Personal Information

Brokers don't ask investors for their personal information just to make conversation. There's a perfectly good reason behind it — they have to ask.

One of the reasons is for tax purposes. Since you need to report your capital gains, losses and dividends to the IRS, your broker must have your information in order to send you the required forms you'll need to file each year.

According to the Securities and Exchange Commission (SEC), there are three other reasons why brokers are required to ask for your personal information: suitability, record-keeping requirements and anti-terrorist/anti-money laundering laws.

Suitability

Suitability refers to how your financial situation matches the advice and recommendations that are given to you by your broker. The suitability requirement comes from the self-regulatory organizations that regulate brokers. By understanding your personal financial situation, the broker must only provide you with recommendations suitable for your preferences and investment objectives. If the broker does not do that, he will be violating rules laid out by the National Association of Securities Dealers.

This includes your risk tolerance, your financial goals, the amount of debt you owe, the number of years to retirement and your current net worth. A good broker will tailor advice to your particular situation. There is a case to be made that if a broker advises you to take an action in direct contradiction of your financial goals and circumstances, you might have grounds for legal action.

Record Keeping

Rules set out by the SEC require brokers to maintain an up-to-date account of your personal information. The most important information the broker must have is the client name, Social Security number, net worth, and account investment objectives. If the client refuses to provide such information, the broker is excused from following the rule, however, he must be able to prove an effort was made to obtain and document the information.

Keep in mind that some of this information may change. It is the investor’s responsibility to volunteer information to update the record, though a responsible broker may ask for updates on an annual basis. Address changes may be of particular importance because the investor will receive a prospectus and other investment information by mail for each investment instrument.

Terrorism and Money Laundering

Finally, the broker must provide client information to meet anti-money-laundering and anti-terrorist requirements. According to the SEC, the minimum requirements for this section include:

  • Name
  • Address
  • Tax identification number or Social Security number for U.S. citizens and residents
  • Date of birth

These requirements ensure that by requesting adequate information, the broker must be able to verify the client's identity. The client's personal information is cross-checked with any lists of known or suspected terrorists. These are requirements that arose out of the USA Patriot Act of 2001 which was passed shortly after the Sept. 11, 2001, terrorist attacks. It gives law enforcement broader power to investigate and prosecute terrorists while increasing penalties for those committing and supporting any terror activities.

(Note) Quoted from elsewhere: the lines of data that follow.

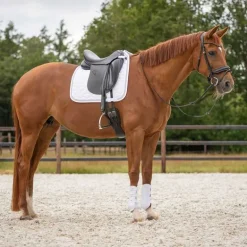 Guêtres champion antérieurs QHP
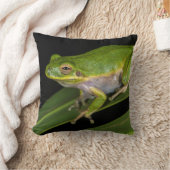 アマガエル (Hyla cinerea) 2 クッション (ブランケット)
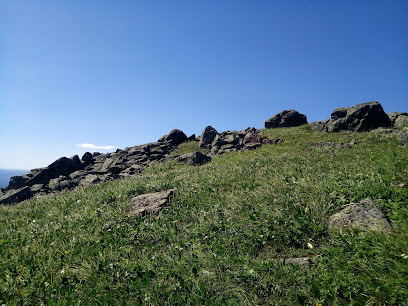 Гора Косьвинский камень (1519)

It is conceivable that you could be misidentified or that you may have had your identity stolen. A check of your identity in such a case may reveal someone else engaged in money laundering. Before you see a broker, check your credit report for any unusual activity. You can also contact services that look to see if your Social Security number is being used.

Additional Information

The Financial Industry Regulatory Authority (FINRA) also has a list of other personal information your broker may ask when opening an account. While not required, it suggests you pass these details on so the firm can better serve your trading and investment needs:

  • Contact person: You may be asked for the name, address and telephone number of a trusted contact person. This was added to most new account lists as of Feb. 5, 2018. FINRA states this is not a requirement, but only if you authorize the broker to disclose information in the event of financial exploitation against you.
  • Type of account: In order to better suit your needs, the broker may ask whether you want to open a cash or a margin account. In a cash account, you will be required to make your own cash deposit so you can start making trades. In a margin account, you borrow from the broker and pay it back later.
  • Uninvested cash: You may also be asked how you intend to deal with any cash you have on hand in your account. This includes any cash you deposit at regular intervals, dividends or interest on investments.

Online Brokerages and Trading Platforms

Some brokerages have traditional offices, which means you can give your information to someone over the phone or in person, so you know the details you share aren't necessarily at risk.

If you trade online without a middleman, you are still required to give up your personal information through the trading platform or app.

But before you do so, do your due diligence. Just as you would with any traditional broker, know who is getting your information. Read up on the brokerage's background, check out reviews and testimonials to see if it's legitimate. There are plenty of apps and online platforms — just like traditional firms — that aren't on the level.